World Bank Sees Stable Growth in Ghana’s Economy but Rising Inflation at 9% in 2026
Ghana’s economy is projected to expand at a slower but more stable pace in 2026, with inflation expected to remain within single-digit territory, according to the latest outlook by the World Bank.
In its April 2026 Africa Economic Update, the World Bank forecasts that Ghana’s Gross Domestic Product (GDP) will grow by 4.8% in 2026, aligning with the government’s official projections outlined in the national budget. The estimate, however, represents a moderation from the stronger 6.0% growth recorded in 2025, signaling a shift from rapid post-recovery expansion to a more measured and sustainable growth trajectory.
The Bank also projects that inflation will end 2026 at approximately 9%, slightly above the government’s 8% target. Despite this marginal divergence, the outlook suggests that Ghana will maintain single-digit inflation, reinforcing gains made in macroeconomic stability over recent years. Inflation currently remains subdued, with recent data indicating levels around 3.2% as of March 2026, although analysts expect some upward pressure in the months ahead before easing toward the year-end forecast.
The anticipated slowdown in growth reflects a combination of domestic and external factors. Authorities have adopted a cautious stance in their projections, citing global economic uncertainties and potential external shocks. Rising geopolitical tensions—particularly in the Middle East—have already contributed to increased petroleum prices, posing upside risks to inflation and broader economic stability.
At the regional level, Sub-Saharan Africa is expected to record growth of about 4.1% in 2026, unchanged from the previous year.
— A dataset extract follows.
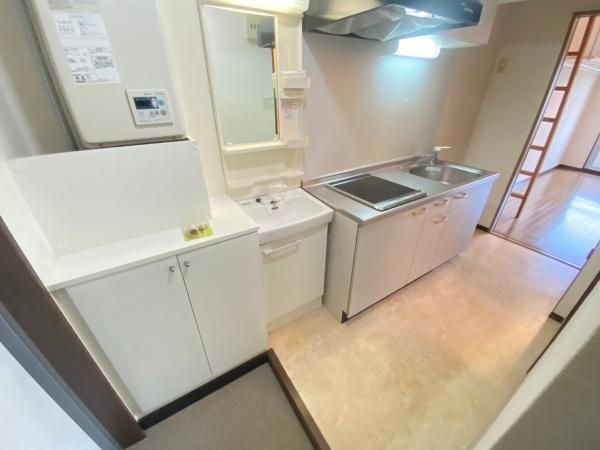 �y���ʏ��z�@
However, the World Bank warns that the region’s recovery from recent global shocks is losing momentum, with growth forecasts revised downward amid rising debt burdens, structural constraints, and persistent global uncertainties.
Despite these headwinds, Ghana’s outlook remains relatively resilient. Domestic demand—supported by private consumption and investment—continues to underpin growth, while favorable commodity prices, particularly for cocoa and gold, are expected to strengthen fiscal and external balances. A weaker U.S. dollar has also helped ease inflationary pressures across the region.
Overall, the World Bank’s projections paint a picture of an economy transitioning into a phase of stability, where sustaining macroeconomic gains and managing external risks will be key to maintaining growth momentum in the medium term.